Bittercon: Writing Groups

Jul 18, 2008 07:52



Time to steal from the best! I am raiding Readercon's program schedule for stuff that might be fun to discuss for those of us stuck at home. And on today's schedule, there's: Writing Groups and Writers, a Match Made in Heaven or Hell?

Their description goes on: Many consider critiques from their writers' group a valuable part of their submission process. Others tend to believe that writers' groups tend to dilute individual style, tending toward "groupthink."

Okay, true story. Years and years ago (twenty or so) when I was reading slush for a small zine, my co-editor and I used to send personal rejections. One time we got a story--lively, full of promise--from a certain city. The story was flawed by cliche plot devices as well as prose, and grammar and spelling errors. We touched on that in our rejection, encouraged the writer, and that was that. Very soon after, we got a story that felt similar to that one, and lo and behold, it was from the same city--different name. It reminded us enough of the previous story that we wondered if the first writer had changed their name. Then bam, bam, two more stories, same city, and the thing is, the stories all shared a lot of the same errors--familiar plot devices and character types, certain words misspelled, grammar mistakes, everybody had glowing eyes as markers for emotions, etc. When we wrote to the last one, we said there was no need to change names every time they subbed.

Well, we got a hurt letter back saying that they were four different writers, and each wrote about different things--(my example) one always wrote SF, another about elves, the third always did fairy tales, the fourth urban fantasy. They had been a writer's group for many years, met frequently, critiqued each other's work thoroughly before they submitted--they were doing everything, in other words, that professionals suggested for writers who wanted to go pro.

They were of course reinforcing one another's weak points because those weak points were invisible to one another, but also, the stories were not just similar in prose errors, but in feel: they had begun writing for one another.
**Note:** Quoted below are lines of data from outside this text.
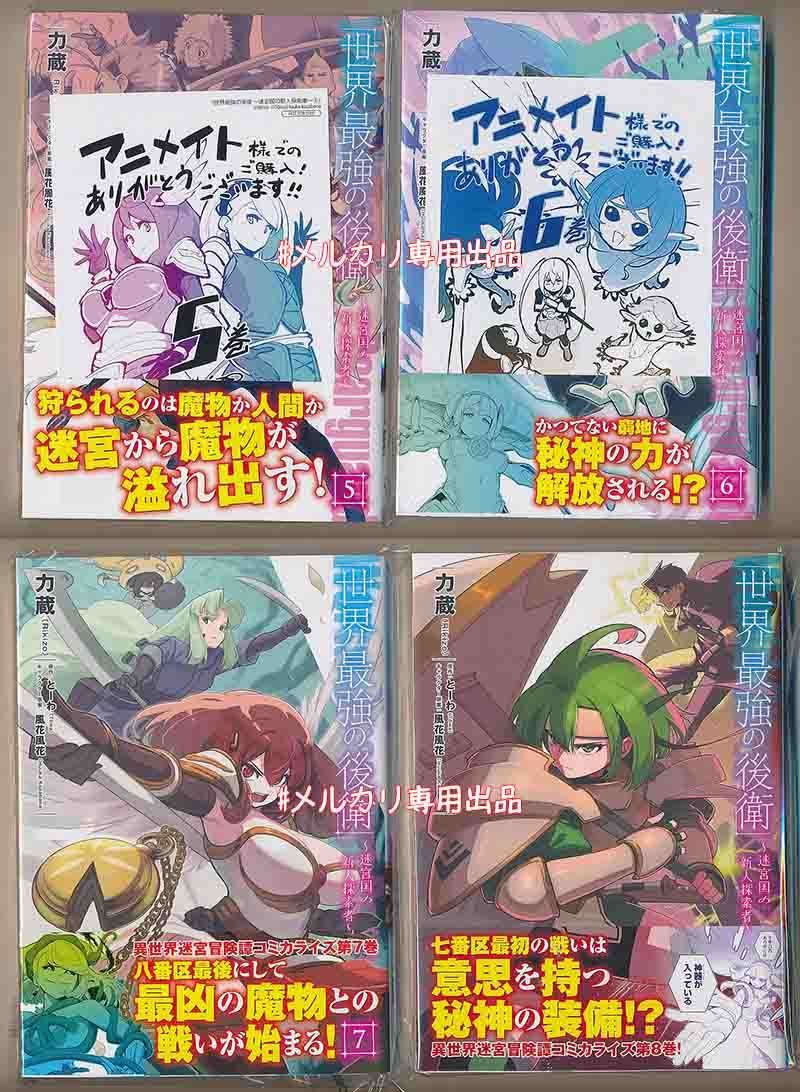 ☆アニメ化作品/特典5点付き [力蔵] 世界最強の後衛～迷宮国の新人探索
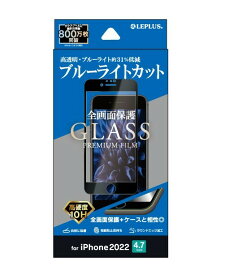 LEPLUS ガラスフィルム iPhone SE (第3世代)/SE (第2世代)/8/7/6s/6 ガラスフィルム「GLASS PREMIUM FILM」全画面保護 ブルーライトカット LP-ISS22FGFB JAN 4570025852763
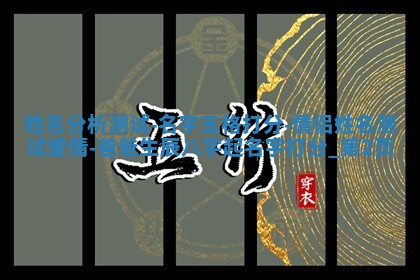2025年11月06日打麻将财神朝向详解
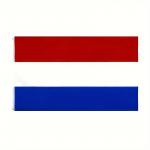 Vlajka Bist Holandsko 150 x 90 cm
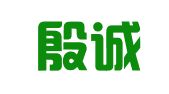 四川殷诚律师事务所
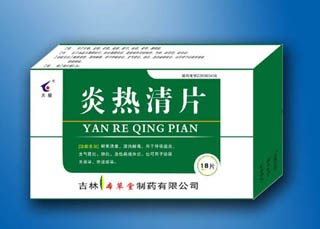 點擊放大 炎熱清片(薄膜衣)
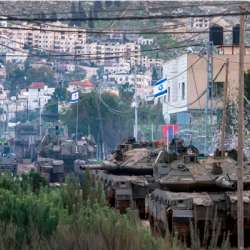 الضفة الغربية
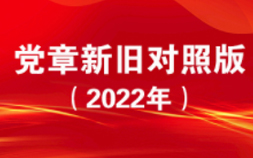 中国共产党章程（2022年新旧对照版）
I suppose this could work if the others are all brilliant--look at Bloomsbury and the Fabians, etc. They wrote for one another before the world, and all became famous.

But the rest of us? Hoo. I do remember reading some derisive criticisms of works by writers in a couple of long-time writing groups whose works gradually seemed more and more similar to readers. One of these groups, I could see it, too. Yet they were all pros, selling all the time...but eventually I noted a gradual falling off in awards, big publicity for the new projects, and then appearance of books and stories. I have no idea what was going on in the dynamics of the group vis a vis individual lives, but from a distance, it seemed as if the group had found a group comfort zone, and had sunk into it. And it had hurt them in the long run.

My own feeling is that besides looking for people at all levels of writing, and people who write different types of thing, one has to get new blood, or a group might slowly erode into a group grope. We're humans, we tend to turn by degrees into us against them unless we're constantly on the watch, or unless the group keeps changing.

I think fresh eyes are crucial for most of us: old friends who love our stuff can not only reinforce habits that we are not aware of that are keeping us from improving, but by degrees we might begin writing for them. and unless their taste is either universal or so fine it transcends, we're earnestly heading right for a rut, while we think we're doing everything right, and of course all the praise feels good. At that point, one might stop and say, "Who am I really writing for?" If the answer is, "This small audience right here," then one is doing the right thing. If one wants to go for a wider readership, then it's back to the hard climb in search of better skills.

Of course finding fresh eyes can be a problem, because we want someone who will enjoy the work but have something to say, so that means finding someone with experience with critiquing. If enjoying the work has priority, the danger is in getting a cheering squad rather than a real critique. Yet deliberately seeking out someone who can't stand fantasy to read one's epic fantasy can be a recipe for frustration for both parties.

Okay, that's my thought: what about you?